FORT MOTTE, SC (WIS) -- Founded by emancipated slaves, a church in Fort Motte is celebrating its 150th anniversary this weekend.

"This is the ancestral home of our people," said Jackie Whitmore, who is a descendant of the founders of Mount Pleasant Baptist Church.

It was founded in 1867 on ground donated by Augustus T. and Louisa McCord Smythe, who owned the nearby Lang Syne plantation.

The newly-emancipated slaves established a church and a school on the site.

"It is a testament to what people can do through their faith and their belief," Whitmore said. "The church was organized by African-American men and women immediately after slavery time in 1867 and the church still stands 150 years."

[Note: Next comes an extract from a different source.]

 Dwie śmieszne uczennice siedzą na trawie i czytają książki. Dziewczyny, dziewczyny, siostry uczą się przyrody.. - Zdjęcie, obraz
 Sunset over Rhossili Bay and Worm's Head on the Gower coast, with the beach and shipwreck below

Whit mire's third grandfather was the Lang Syne plantation carpenter and helped organize and build the church. He is a descendant of the people whose names are on the original deed.

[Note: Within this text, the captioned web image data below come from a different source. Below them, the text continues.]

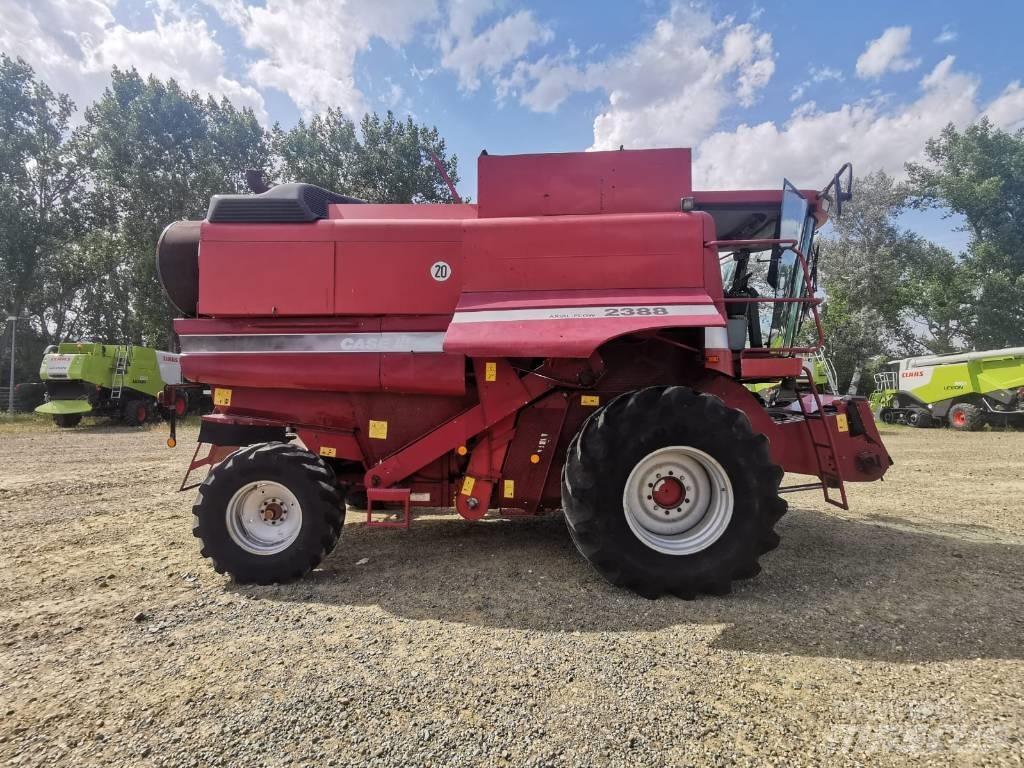 CASE 2388 + heder Moissonneuse batteuse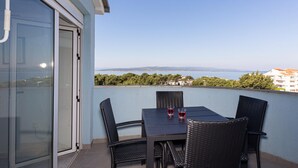 A balcony with a table and chairs, overlooking a coastal view. - Gorgeous apartment in Baska Voda with WiFi (Baska Voda)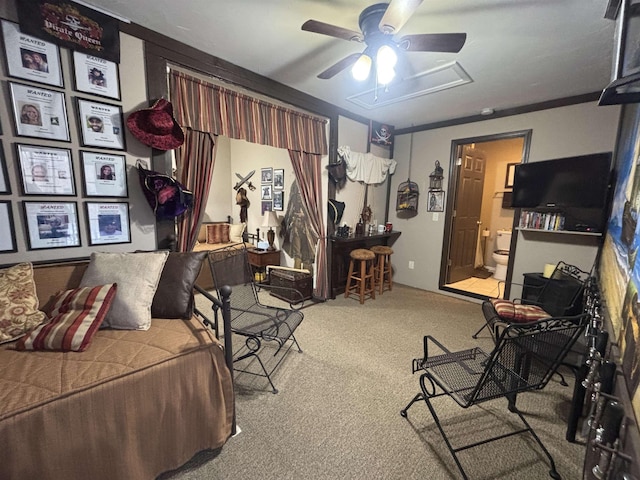 carpeted bedroom with ornamental molding and connected bathroom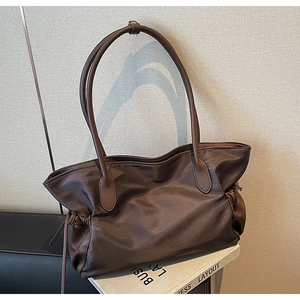 Détail du sac fourre-tout en nylon marron foncé avec coutures en cuir et cordon latéral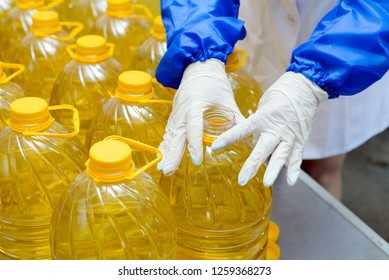 line of production of refined sunflower oil. Girl worker at a factory on a conveyor background with bottles of vegetable oil.
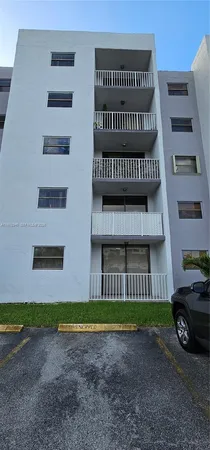 a view of a house with a street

Pastor Wesley Brown continues a family legacy of ministering to the flock of the church. His great-grandfather, James Samuel Brown, was the church's fourth pastor in the early 1900's.

"The Lord blessed me, four generations down, to stand in the same pulpit as my great-grandfather," he said. "Not just only my great-grandfather but all the members that are here at this church right here are descendants of those free slaves."

The church rises above the red clay fields on Fort Motte Road. The original church cemetery is about a half-mile away, across a soybean field.

"This right here was the meeting place for the community," Brown said.

"When you know that the people during such periled times organized a church and a school, that's an esteeming fact," Whitmore said. "I think that when younger people, younger generations know that it helps continue the great legacy that they started and that the generations to come will keep on holding the banner up high."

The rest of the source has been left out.